**TASK ITEM:** Write out exactly, excluding pictures, the lines from the one containing "Listing Image for 275 Ala Malama Ave 7 of 22" through the end of the data, both included.

**PROVIDED MATERIAL:**
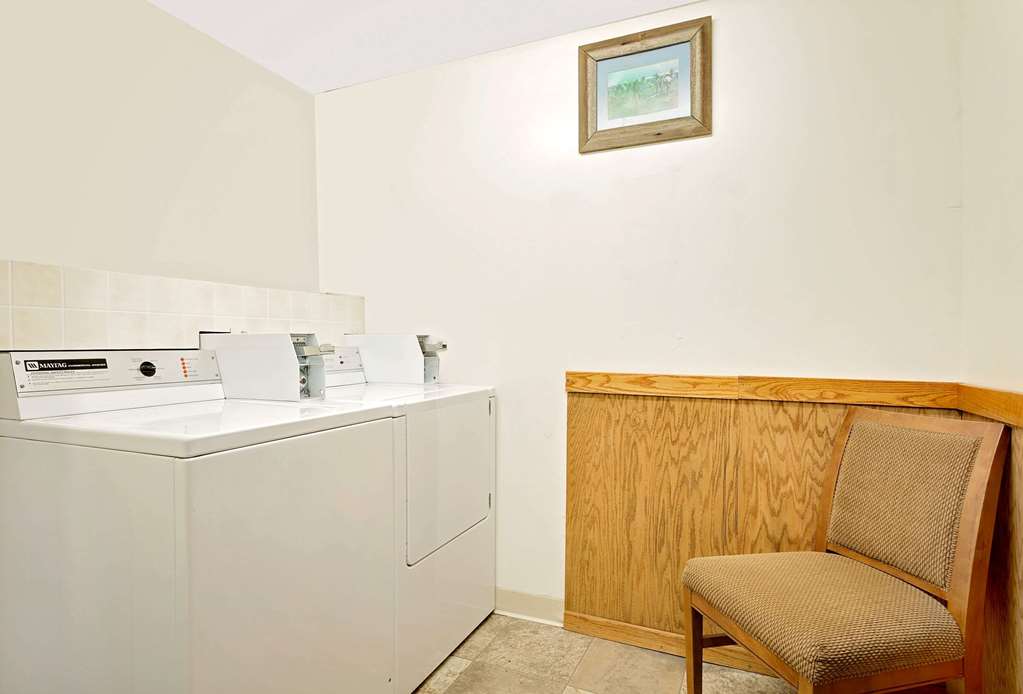 Super 8 by Wyndham Belgrade Bozeman Airport - photo 41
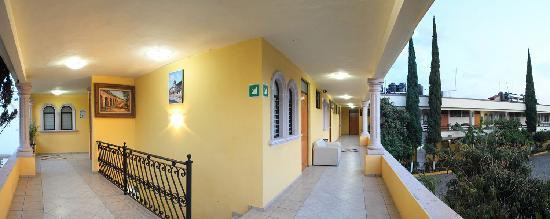 Hotel California主图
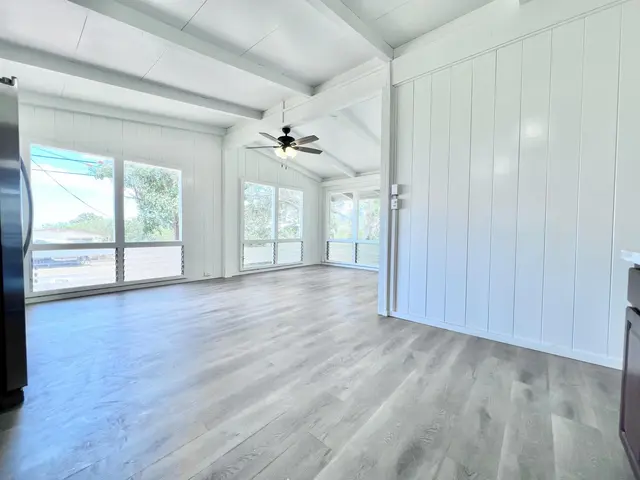 Listing Image for 275 Ala Malama Ave 7 of 22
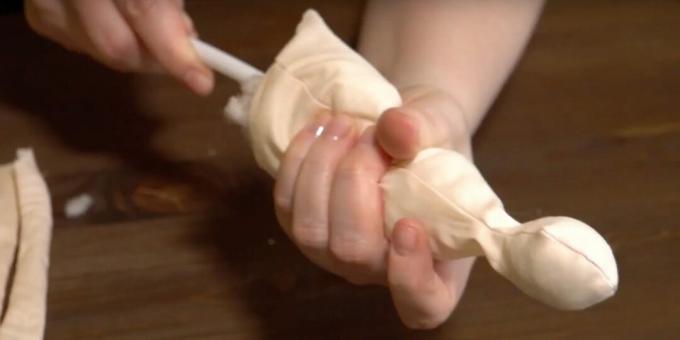 Πώς να ράψετε μια κούκλα Tilda: γεμίστε τα κενά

**RESPONSE TO THE EXERCISE:**
 Listing Image for 275 Ala Malama Ave 7 of 22
 Πώς να ράψετε μια κούκλα Tilda: γεμίστε τα κενά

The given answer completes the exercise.